* EXERCISE BRIEF
First find the line with "Royal Emerald Green", then reproduce it and all following lines of the data to the end, exactly and with no pictures, adding nothing.

* STORED DATA
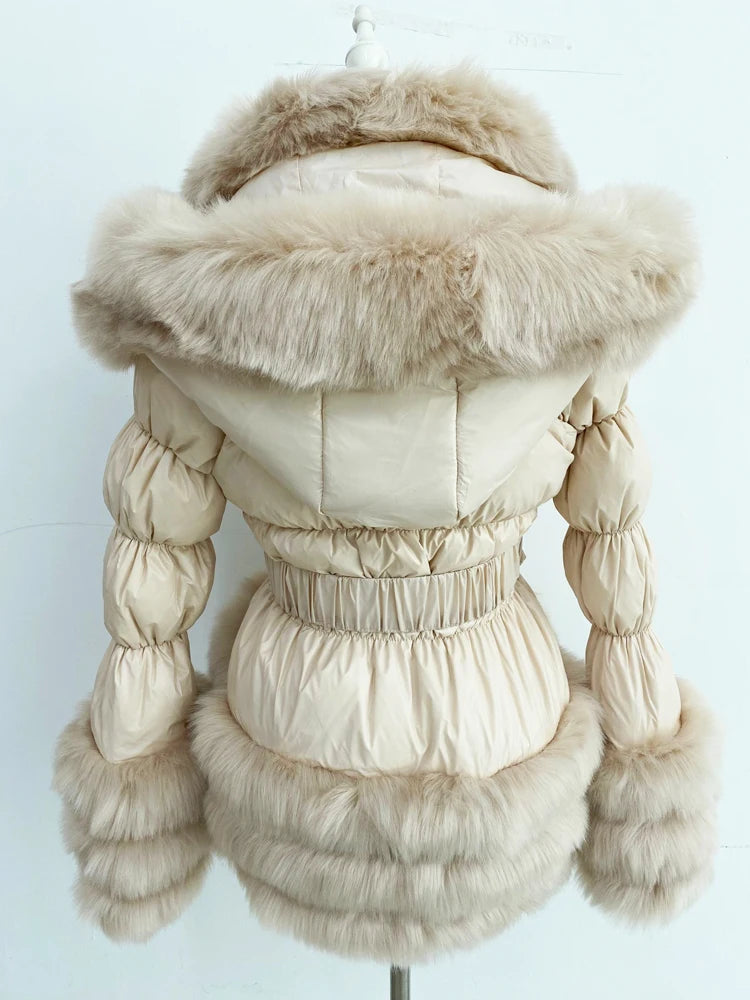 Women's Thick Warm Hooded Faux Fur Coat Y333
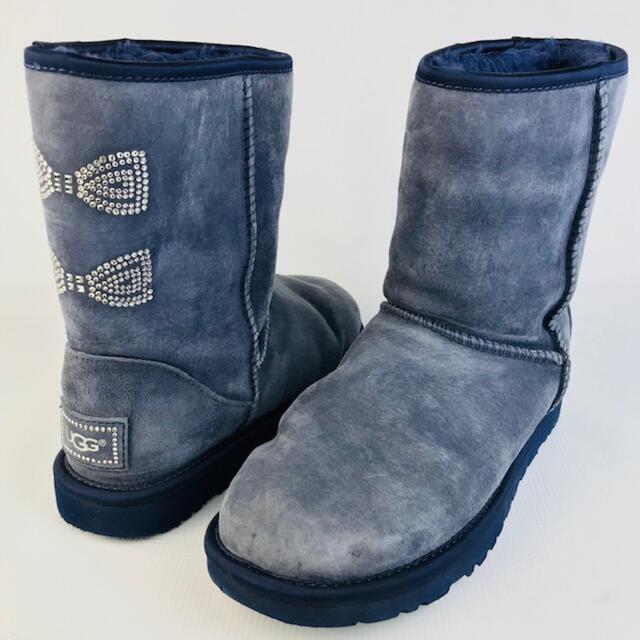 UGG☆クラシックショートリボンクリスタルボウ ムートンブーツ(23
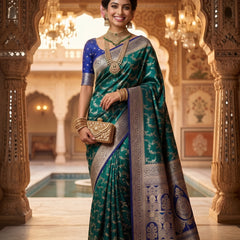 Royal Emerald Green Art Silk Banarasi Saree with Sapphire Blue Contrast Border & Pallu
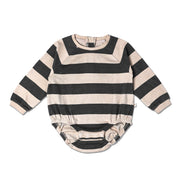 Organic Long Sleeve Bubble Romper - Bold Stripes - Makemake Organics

* ANSWER FOR THIS EXERCISE
 Royal Emerald Green Art Silk Banarasi Saree with Sapphire Blue Contrast Border & Pallu
 Organic Long Sleeve Bubble Romper - Bold Stripes - Makemake Organics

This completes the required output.